[[ Input data, beginning ]]

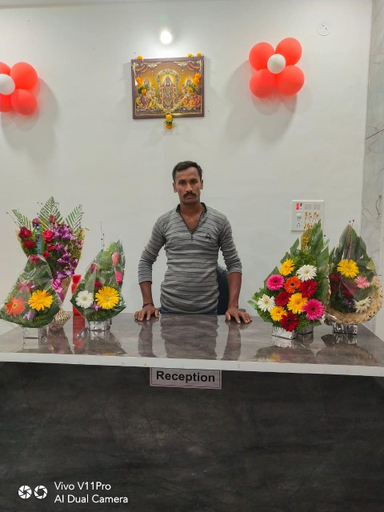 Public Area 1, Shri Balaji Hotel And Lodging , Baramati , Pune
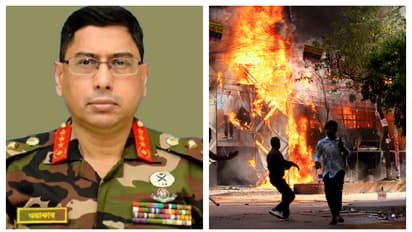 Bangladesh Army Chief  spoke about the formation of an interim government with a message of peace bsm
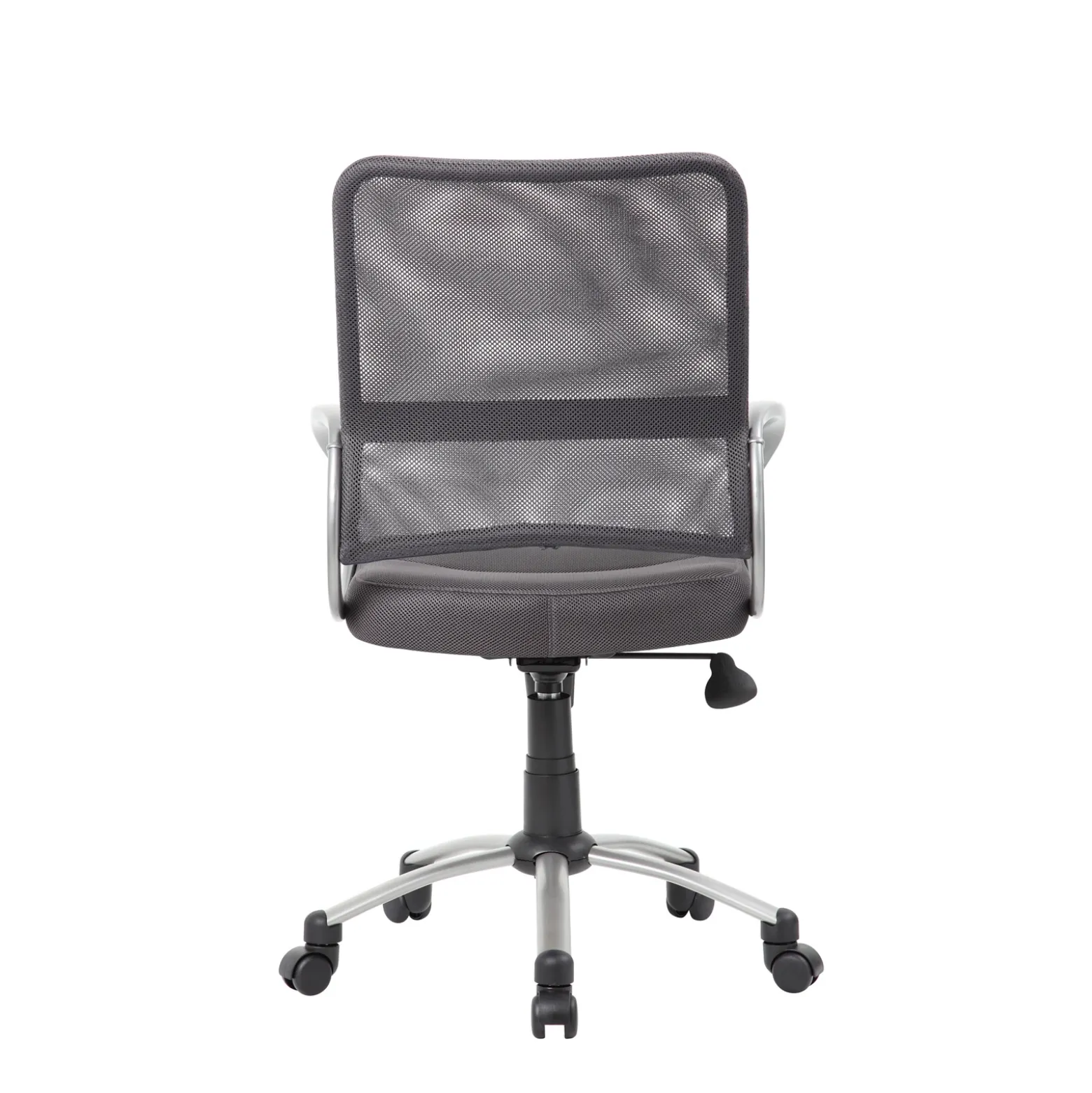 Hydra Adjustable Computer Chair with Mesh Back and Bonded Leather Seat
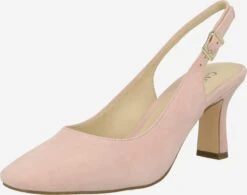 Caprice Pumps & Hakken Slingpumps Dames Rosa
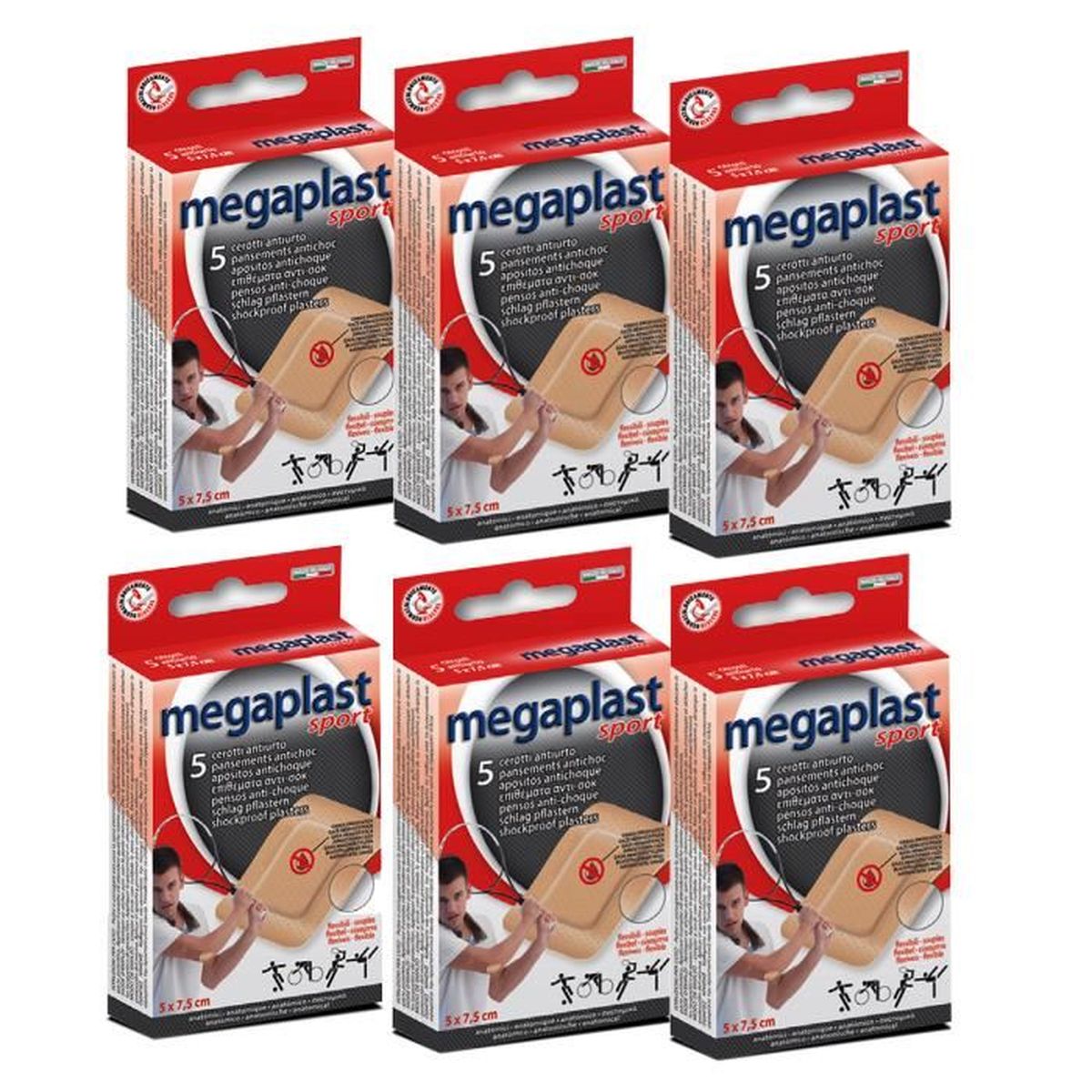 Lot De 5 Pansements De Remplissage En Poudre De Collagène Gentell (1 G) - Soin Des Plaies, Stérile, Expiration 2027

[[ Input data, end ]]
[[ Input data, beginning ]]

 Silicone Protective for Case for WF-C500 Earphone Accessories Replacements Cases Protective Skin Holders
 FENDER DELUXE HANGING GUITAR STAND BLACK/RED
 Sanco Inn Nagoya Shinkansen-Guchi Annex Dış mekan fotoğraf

[[ Input data, end ]]

### Work to be completed
What should come back is an exact copy of the lines above from the line with "Caprice Pumps & Hakken Slingpumps Dames Rosa" to the line with "Lot De 5 Pansements", both included, minus the pictures.

### Expected output
 Caprice Pumps & Hakken Slingpumps Dames Rosa
 Lot De 5 Pansements De Remplissage En Poudre De Collagène Gentell (1 G) - Soin Des Plaies, Stérile, Expiration 2027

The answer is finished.